An arts centre would provide much needed venues for large and small events, including theatre, music and dance.
Given a city sponsored project has begun to develop a cultural master plan, it would be good to have a look at the facilities that other communities of similar size have to support the arts.
Now that a giant treble clef identifies Salmon Arm as a music-focused city, the next step is to build a cultural centre where great music can be heard throughout the year.
Very close in size to Salmon Arm, is Cranbrook in the East Kootenays, which has the 602-seat Key City Theatre that includes an art gallery. Art-lovers began working on the project in the mid-1970s and, a decade later, thanks to a partnership between the school district and the city, with support from the provincial government and local citizens, that theatre was built totally debt-free. It hosts about 100 events a year, including concerts, dance recitals, community events and conferences.
The cultural scene also flourishes far to the north in Fort St. John, where the North Peace Cultural Centre, built in 1992, includes the city library, meeting rooms, a cafe and an art gallery. In the very heart of this resource-based city, the Centre hosts a 412-seat theatre and provides a home for the local theatre society, a dance school, a choir, educational programs and school productions. Its unique lobby and concourse stretches for an entire city block.
Much smaller communities than Salmon Arm also have impressive facilities.
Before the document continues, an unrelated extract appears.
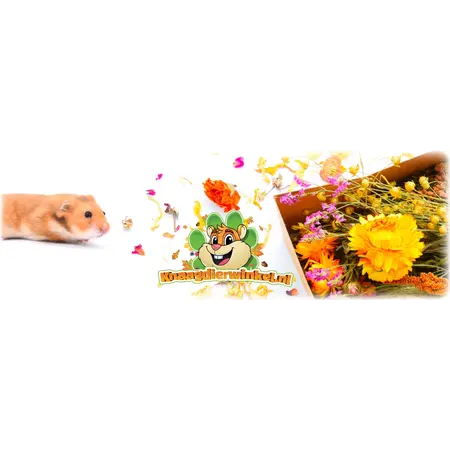 Knaagdier Kruidenier Autumn Harvest Herb Packet – autumn colours for hamster scaping & foraging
In Duncan, which has a similar brand, “Small town, Big experience,” and where the population is just under 5,000, there is the Cowichan Performing Arts Centre. It includes a 731-seat proscenium arch theatre used by local groups, touring musicians and as a conference and convention facility. The centre is run by the regional district as part of it arts and culture division.
Just to the east is Revelstoke, where the school district, in co-operation with the arts council, built a 275-seat performing arts centre in 2012. The venue hosts a diverse line-up of music, film, theatre and dance for all ages. The current line-up includes ballet, a brass band, an Arts Club Theatre Company production and the much-loved singer-songwriter and storyteller, Irish Mythen.
Despite its small population of just over 4,000 people, the town of Oliver hosts the 400-seat Frank Venables Theatre, built in 2014 by the school district where a popular art-deco style auditorium burnt down in 2010. The non-profit Oliver Community Theatre Society, with support from the regional district, operates the venue which hosts touring artists, as well as community events. Upcoming shows include a classic piano duo, an Eagles tribute band and an amateur theatre company production.
While Colwood and Langford do not yet have a facility, they are closer to building one than Salmon Arm. The Juan de Fuca Performing Arts Centre Society, formed in 2016, has developed a comprehensive plan to build a 650-seat theatre along with a 24-seat black box theatre, plus a dance studio, retail and office space, a restaurant,coffee shop and a gallery. Their prospectus could serve useful for developing the Salmon Arm cultural plan.
One of the chapters in volume two of Everything Shuswap will be about arts and culture, which is certainly plentiful in the Shuswap. Hopefully, the chapter will include some good news about plans for a performing arts venue that provides a diversity of cultural programs and that matches those found in many other British Columbia communities.